Three Platforms, One Server Part 11: From the BDC to the lookupd

Well, I did not have time to test my replica on Windows clients. I did, however, set up my BDC (Backup Domain Controller) on said replica and re-bind my Windows clients to the new master server once the replica was in place. Oddly, after doing so, Windows logins got a bit sketchy: sometimes they worked, sometimes not. I just figured it was a fluke and would go away. (Yes, that's my version of the scientific method. But that's the suck thing about intermittent problems. Very hard to track, or even — as in this case — be sure they exist.) Anyway, today the Windows login flakiness persisted, and was starting to really be a problem. So I investigated. A good friend and colleague recommended I check Windows' Event Manager (which I did not know about — hey, I'm still new at Windows — until today). There I saw messages that referenced problems connecting to the replica, which shouldn't have been happening. Thinking this might have something to do with the login problems, I turned off Windows services on the replica. Sure enough, Windows logins immediately began working perfectly. I had only two Windows services running on the replica: the BDC, which is supposed to provide domain controller failover should the PDC (the Primary Domain Controller on the master server) cease to function; and Windows file sharing, which hosts a backup of our Windows roaming profile drive. I'm not sure which service caused the problem as I simply stopped all services.

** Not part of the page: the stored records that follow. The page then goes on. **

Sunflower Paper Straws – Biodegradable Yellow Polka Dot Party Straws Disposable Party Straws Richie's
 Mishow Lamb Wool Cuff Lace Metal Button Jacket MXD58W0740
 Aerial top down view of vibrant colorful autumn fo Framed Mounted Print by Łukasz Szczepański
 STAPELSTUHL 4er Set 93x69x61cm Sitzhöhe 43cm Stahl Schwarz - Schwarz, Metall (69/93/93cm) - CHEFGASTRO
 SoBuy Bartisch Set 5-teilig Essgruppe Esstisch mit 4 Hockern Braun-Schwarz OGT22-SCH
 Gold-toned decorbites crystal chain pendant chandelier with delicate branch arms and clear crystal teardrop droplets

So when I get a chance I will test each service individually and see which is the culprit. Hopefully it's the file sharing, because if we can at least keep the BDC running, we have some authentication failover: in the event of a master failure, users would still be able to log in, though their roaming profiles would be temporarily unavailable. If it's the BDC causing problems, then we effectively have no failover for Windows systems, which would blow big, shiny, green chunks. If that's the case, I give up. Yup, you heard me. I give up. With no clues, failing patience, a serious lack of time, and no good time to test it, I'd pretty much be giving up on the BDC, at least until I got some better info or until the winter break. Or both. For all I know, this is a bug in Tiger Server.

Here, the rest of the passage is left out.